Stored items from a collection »

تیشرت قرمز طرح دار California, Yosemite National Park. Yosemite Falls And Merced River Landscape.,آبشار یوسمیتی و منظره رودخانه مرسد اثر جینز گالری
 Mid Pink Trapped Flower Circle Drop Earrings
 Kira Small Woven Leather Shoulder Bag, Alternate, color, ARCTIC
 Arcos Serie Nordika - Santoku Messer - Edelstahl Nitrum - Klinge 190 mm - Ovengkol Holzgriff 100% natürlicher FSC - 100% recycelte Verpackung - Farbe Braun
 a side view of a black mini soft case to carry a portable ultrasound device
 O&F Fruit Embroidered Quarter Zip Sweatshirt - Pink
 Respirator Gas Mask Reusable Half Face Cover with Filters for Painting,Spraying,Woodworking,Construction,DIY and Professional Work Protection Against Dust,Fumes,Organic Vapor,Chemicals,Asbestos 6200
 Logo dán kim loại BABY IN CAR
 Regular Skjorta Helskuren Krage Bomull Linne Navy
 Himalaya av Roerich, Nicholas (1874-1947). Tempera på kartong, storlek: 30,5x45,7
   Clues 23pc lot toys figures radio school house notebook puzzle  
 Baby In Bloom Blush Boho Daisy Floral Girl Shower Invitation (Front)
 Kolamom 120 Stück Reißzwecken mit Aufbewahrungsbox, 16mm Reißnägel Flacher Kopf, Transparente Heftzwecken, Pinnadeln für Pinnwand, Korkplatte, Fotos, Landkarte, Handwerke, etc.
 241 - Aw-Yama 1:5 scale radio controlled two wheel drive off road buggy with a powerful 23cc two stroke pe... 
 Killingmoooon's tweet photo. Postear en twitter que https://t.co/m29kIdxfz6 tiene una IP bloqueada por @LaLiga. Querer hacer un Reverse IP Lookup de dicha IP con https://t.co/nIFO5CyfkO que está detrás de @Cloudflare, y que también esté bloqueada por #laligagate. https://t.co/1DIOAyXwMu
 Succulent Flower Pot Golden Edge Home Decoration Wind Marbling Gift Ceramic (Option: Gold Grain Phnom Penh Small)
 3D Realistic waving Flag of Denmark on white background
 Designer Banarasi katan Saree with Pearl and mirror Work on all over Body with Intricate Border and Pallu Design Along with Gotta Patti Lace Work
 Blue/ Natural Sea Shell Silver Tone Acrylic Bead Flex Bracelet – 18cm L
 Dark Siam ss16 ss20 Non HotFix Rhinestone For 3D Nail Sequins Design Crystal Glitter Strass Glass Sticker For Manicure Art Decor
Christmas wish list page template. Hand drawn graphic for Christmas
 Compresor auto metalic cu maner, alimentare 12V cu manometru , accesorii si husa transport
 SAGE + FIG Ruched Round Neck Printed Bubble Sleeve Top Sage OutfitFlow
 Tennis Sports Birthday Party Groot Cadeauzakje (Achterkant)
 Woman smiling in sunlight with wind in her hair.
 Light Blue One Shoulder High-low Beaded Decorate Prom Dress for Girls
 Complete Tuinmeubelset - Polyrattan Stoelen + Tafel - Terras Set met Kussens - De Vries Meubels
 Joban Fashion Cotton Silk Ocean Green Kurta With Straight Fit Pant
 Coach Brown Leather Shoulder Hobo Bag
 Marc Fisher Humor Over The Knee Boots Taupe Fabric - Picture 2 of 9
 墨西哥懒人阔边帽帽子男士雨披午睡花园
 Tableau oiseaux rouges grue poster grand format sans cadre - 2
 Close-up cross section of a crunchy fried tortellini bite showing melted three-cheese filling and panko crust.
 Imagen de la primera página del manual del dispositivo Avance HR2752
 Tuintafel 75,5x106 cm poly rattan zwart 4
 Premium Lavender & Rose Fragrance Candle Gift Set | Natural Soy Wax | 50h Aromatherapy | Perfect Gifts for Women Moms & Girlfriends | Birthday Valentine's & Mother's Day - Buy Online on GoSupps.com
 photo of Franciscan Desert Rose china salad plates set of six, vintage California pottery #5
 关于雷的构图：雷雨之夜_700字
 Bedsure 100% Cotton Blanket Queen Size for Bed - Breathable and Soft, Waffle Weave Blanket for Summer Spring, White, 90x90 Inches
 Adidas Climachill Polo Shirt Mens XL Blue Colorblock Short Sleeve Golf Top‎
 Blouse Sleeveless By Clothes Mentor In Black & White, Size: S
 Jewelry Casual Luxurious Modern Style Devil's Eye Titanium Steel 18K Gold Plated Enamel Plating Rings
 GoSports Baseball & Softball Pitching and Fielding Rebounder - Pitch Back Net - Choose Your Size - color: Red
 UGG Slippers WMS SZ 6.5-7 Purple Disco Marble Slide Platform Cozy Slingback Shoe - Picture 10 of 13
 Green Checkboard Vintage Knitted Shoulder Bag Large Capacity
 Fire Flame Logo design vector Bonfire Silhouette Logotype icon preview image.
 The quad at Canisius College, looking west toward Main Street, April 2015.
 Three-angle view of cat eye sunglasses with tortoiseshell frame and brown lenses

TASK OBJECTIVE » Give the data again, exactly as it appears above.

RESULT OF THE TASK »
تیشرت قرمز طرح دار California, Yosemite National Park. Yosemite Falls And Merced River Landscape.,آبشار یوسمیتی و منظره رودخانه مرسد اثر جینز گالری
 Mid Pink Trapped Flower Circle Drop Earrings
 Kira Small Woven Leather Shoulder Bag, Alternate, color, ARCTIC
 Arcos Serie Nordika - Santoku Messer - Edelstahl Nitrum - Klinge 190 mm - Ovengkol Holzgriff 100% natürlicher FSC - 100% recycelte Verpackung - Farbe Braun
 a side view of a black mini soft case to carry a portable ultrasound device
 O&F Fruit Embroidered Quarter Zip Sweatshirt - Pink
 Respirator Gas Mask Reusable Half Face Cover with Filters for Painting,Spraying,Woodworking,Construction,DIY and Professional Work Protection Against Dust,Fumes,Organic Vapor,Chemicals,Asbestos 6200
 Logo dán kim loại BABY IN CAR
 Regular Skjorta Helskuren Krage Bomull Linne Navy
 Himalaya av Roerich, Nicholas (1874-1947). Tempera på kartong, storlek: 30,5x45,7
   Clues 23pc lot toys figures radio school house notebook puzzle  
 Baby In Bloom Blush Boho Daisy Floral Girl Shower Invitation (Front)
 Kolamom 120 Stück Reißzwecken mit Aufbewahrungsbox, 16mm Reißnägel Flacher Kopf, Transparente Heftzwecken, Pinnadeln für Pinnwand, Korkplatte, Fotos, Landkarte, Handwerke, etc.
 241 - Aw-Yama 1:5 scale radio controlled two wheel drive off road buggy with a powerful 23cc two stroke pe... 
 Killingmoooon's tweet photo. Postear en twitter que https://t.co/m29kIdxfz6 tiene una IP bloqueada por @LaLiga. Querer hacer un Reverse IP Lookup de dicha IP con https://t.co/nIFO5CyfkO que está detrás de @Cloudflare, y que también esté bloqueada por #laligagate. https://t.co/1DIOAyXwMu
 Succulent Flower Pot Golden Edge Home Decoration Wind Marbling Gift Ceramic (Option: Gold Grain Phnom Penh Small)
 3D Realistic waving Flag of Denmark on white background
 Designer Banarasi katan Saree with Pearl and mirror Work on all over Body with Intricate Border and Pallu Design Along with Gotta Patti Lace Work
 Blue/ Natural Sea Shell Silver Tone Acrylic Bead Flex Bracelet – 18cm L
 Dark Siam ss16 ss20 Non HotFix Rhinestone For 3D Nail Sequins Design Crystal Glitter Strass Glass Sticker For Manicure Art Decor
Christmas wish list page template. Hand drawn graphic for Christmas
 Compresor auto metalic cu maner, alimentare 12V cu manometru , accesorii si husa transport
 SAGE + FIG Ruched Round Neck Printed Bubble Sleeve Top Sage OutfitFlow
 Tennis Sports Birthday Party Groot Cadeauzakje (Achterkant)
 Woman smiling in sunlight with wind in her hair.
 Light Blue One Shoulder High-low Beaded Decorate Prom Dress for Girls
 Complete Tuinmeubelset - Polyrattan Stoelen + Tafel - Terras Set met Kussens - De Vries Meubels
 Joban Fashion Cotton Silk Ocean Green Kurta With Straight Fit Pant
 Coach Brown Leather Shoulder Hobo Bag
 Marc Fisher Humor Over The Knee Boots Taupe Fabric - Picture 2 of 9
 墨西哥懒人阔边帽帽子男士雨披午睡花园
 Tableau oiseaux rouges grue poster grand format sans cadre - 2
 Close-up cross section of a crunchy fried tortellini bite showing melted three-cheese filling and panko crust.
 Imagen de la primera página del manual del dispositivo Avance HR2752
 Tuintafel 75,5x106 cm poly rattan zwart 4
 Premium Lavender & Rose Fragrance Candle Gift Set | Natural Soy Wax | 50h Aromatherapy | Perfect Gifts for Women Moms & Girlfriends | Birthday Valentine's & Mother's Day - Buy Online on GoSupps.com
 photo of Franciscan Desert Rose china salad plates set of six, vintage California pottery #5
 关于雷的构图：雷雨之夜_700字
 Bedsure 100% Cotton Blanket Queen Size for Bed - Breathable and Soft, Waffle Weave Blanket for Summer Spring, White, 90x90 Inches
 Adidas Climachill Polo Shirt Mens XL Blue Colorblock Short Sleeve Golf Top‎
 Blouse Sleeveless By Clothes Mentor In Black & White, Size: S
 Jewelry Casual Luxurious Modern Style Devil's Eye Titanium Steel 18K Gold Plated Enamel Plating Rings
 GoSports Baseball & Softball Pitching and Fielding Rebounder - Pitch Back Net - Choose Your Size - color: Red
 UGG Slippers WMS SZ 6.5-7 Purple Disco Marble Slide Platform Cozy Slingback Shoe - Picture 10 of 13
 Green Checkboard Vintage Knitted Shoulder Bag Large Capacity
 Fire Flame Logo design vector Bonfire Silhouette Logotype icon preview image.
 The quad at Canisius College, looking west toward Main Street, April 2015.
 Three-angle view of cat eye sunglasses with tortoiseshell frame and brown lenses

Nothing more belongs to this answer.